Before, I explain the significance of this article, let me explain that I am NOT taking sides for either carrier.  I know that there are tech reviews that argue for the merits of Verizon in some places, and AT&T in others--even nationwide.

The Ars test, though, got "behind the bars" and was able to discern that certain "bellweather" indicators--like number of bars, and speed tests were not always indicative of actual performance.  The results of the Ars test were that, on average--for the criteria tested (speed, large file app download, and Youtube video download)--AT&T's network out-performed Verizon's for the iPhone device.  However, if you look at the individual data sets, there is a lot of variability even on the same network within the city of Chicago.  So, depending on which areas you spend most of your time, your experience might be different than the results of the article suggest.  

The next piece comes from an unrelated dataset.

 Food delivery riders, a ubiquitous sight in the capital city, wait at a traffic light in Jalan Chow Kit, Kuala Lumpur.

Interestingly, the article observes that,

the Speedtest results may say one thing, but they don't always translate to real-world network performance. Even in the cases where the Verizon iPhone got a faster download speed than the AT&T iPhone, the AT&T app download took noticeably less time than the same app download on Verizon--in one case, where AT&T was measured via Speedtest as slower (UIC test), the download time on AT&T was almost half that of Verizon.
What can wireless consumers learn from this "real world" performance test regarding information sufficient to allow them to make informed choices about their mobile wireless broadband service?  Most importantly, that wireless networks will never have uniform performance, so--as Ars also notes, "when it comes to cell signal and quality . . . where you live and work and how the network is in your area trumps anything you'll read in any review."

This is why it's probably unreasonable for the FCC to require carriers to provide consumers with information that is likely to be misleading.  Even if the carrier believes its performance information to be generally correct, it will never be accurate for any given customer, because accurate performance information is outside of the network provider's control.

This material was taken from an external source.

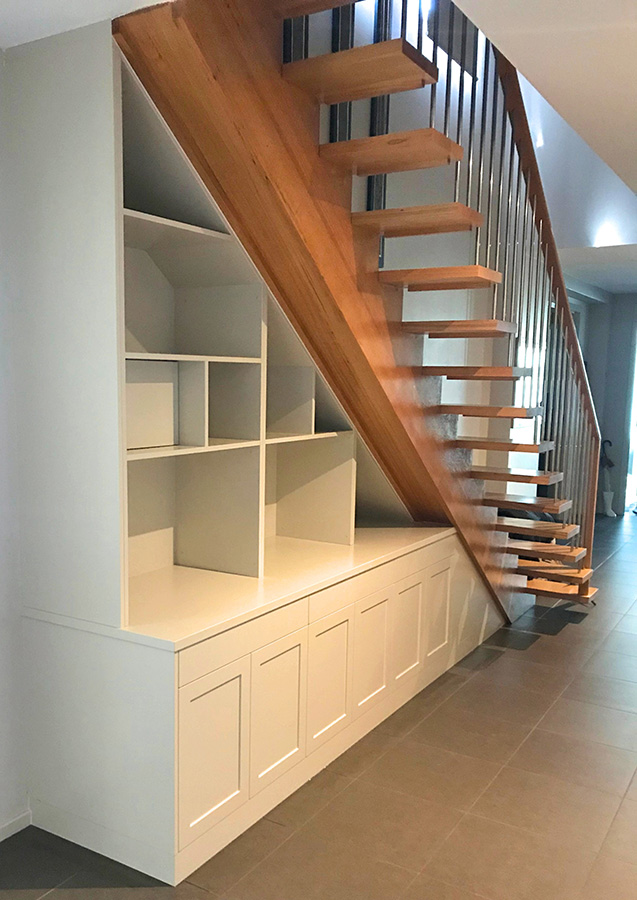 Custom bookcase built under a staircase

But, does this fact render the "transparency" rule completely worthless?  Well . . . maybe  . . . at least for wireless carriers.  Although it's certainly in consumers' interest to have accurate information about every aspect of their service within the network provider's control, most wireless carriers already disclose this information as part of their voluntary compliance with the CTIA Consumer Code

So, for the most valuable "disclosure" information--accurate network performance--who's to say what's fair to say, and what not to say?  For now, you might as well ask Dr. Dre . . .

August 6, 2009 5:40 PM

The FCC's Inscrutable "Screwtape" Letters

Last Friday, it was reported that the FCC sent a series of letters to Apple, AT&T, and Google reacting to an item reported in the New York Times that Apple, through its iPhone Apps Store, had refused to carry "Google Voice" (a call management application).  "Google Voice" (GV) is still available to iPhone customers by using the Google search engine on their iPhones, so I'm not completely sure what the disadvantage is to Google by not being allowed to "retail/give away" this application in the Apple "Apps Store" (but we'll assume there is some disadvantage because Google asked for "retail" placement, and was denied).  Nonetheless, as TeleComSense noted only a few weeks ago, in the unregulated world, the Supreme Court has only reluctantly found a duty to deal, even by dominant firms

Each letter asked different questions, depending on the firm being asked, about the episode in question--Apple's refusal to carry the GV application, AT&T's relationship to Apple and the decision to not carry the application, and Google's efforts to get its GV application placed in the iPhone Apps Store.  Now for the context that makes me "complexed" (so completely perplexed that I have an inferiority complex) about the FCC's letters--the explanation of why they are so inscrutable (we'll get to the Screwtape reference later).